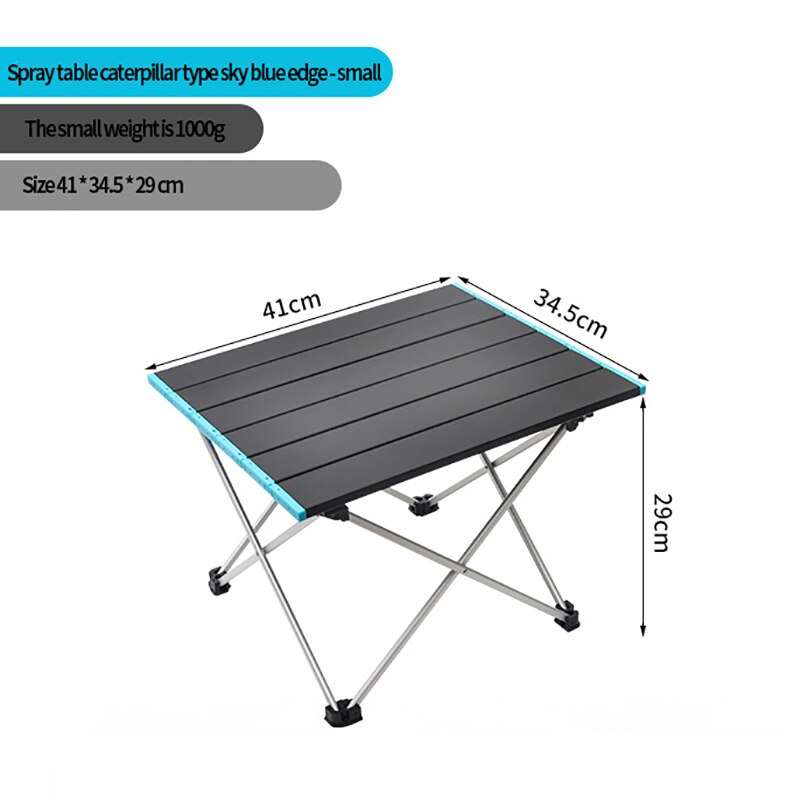 Udendørs picnic foldebord høj styrke aluminiumslegering bærbar ultralet campingbord sammenfoldeligt middagsbord til familiegrill: S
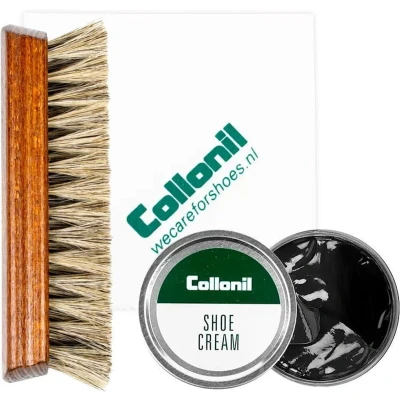 Afbeelding van Collonil Schoenpoets set 3 delig Shoe cream Poetsdoek Borstel Zwart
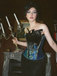 Teal 1930s Peacock Feather Embroidered Corset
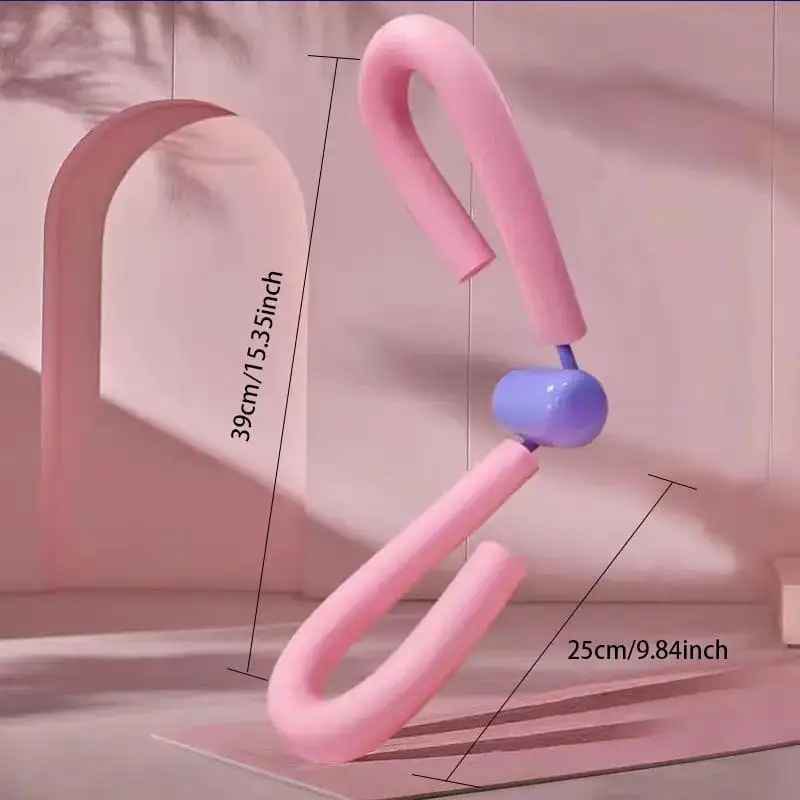 Pink foam thigh master resistance toner for home workout, used for toning thighs, arms, and hips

---

> **Exercise details**: Using the material above, restate word for word the lines from the line that has "Teal 1930s Peacock" to the last line, inclusive, with pictures omitted.

> **Exercise output**:
 Teal 1930s Peacock Feather Embroidered Corset
 Pink foam thigh master resistance toner for home workout, used for toning thighs, arms, and hips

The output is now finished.